Democracy and citizenship: expanding domains

Saward, Michael (2006). Democracy and citizenship: expanding domains. In: Dryzek, John S.; Honig, Bonnie and Phillips, Anne eds. The Oxford Handbook of Political Theory. The Oxford Handbooks of Political Science. Oxford: Oxford University Press, pp. 400–419.

Abstract

Contemporary political theory includes lively debates about the meaning and scope of both democracy and citizenship. To survey and comment on some key recent threads in the arguments, I adopt the frame of ‘expanding domains’ and link the two concepts together, to ask: what impact might different innovations in democratic thinking have on our conception of citizenship?

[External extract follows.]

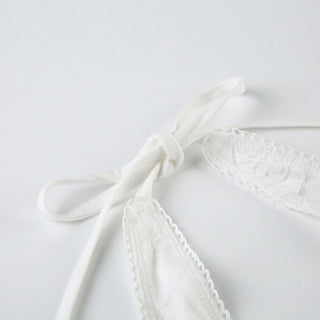 Irregular v neck self tie halter lace top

I will explore key ways in which elements of contemporary innovative conceptions of democracy – deliberative, ‘difference’, cosmopolitan, ecological and others - seek to reconstruct and reconstrue citizens and citizenship (and often disagree with each other in the process, within and across these categories of innovation). I shall do this, first, by pinpointing some key ways in which these innovations – openly or implicitly - seek to reconfigure citizenship along three key dimensions, and secondly, by showing how expanding our thinking about a third core political concept – representation – is crucial in efforts to respond to the expanded domains of citizenship and democracy.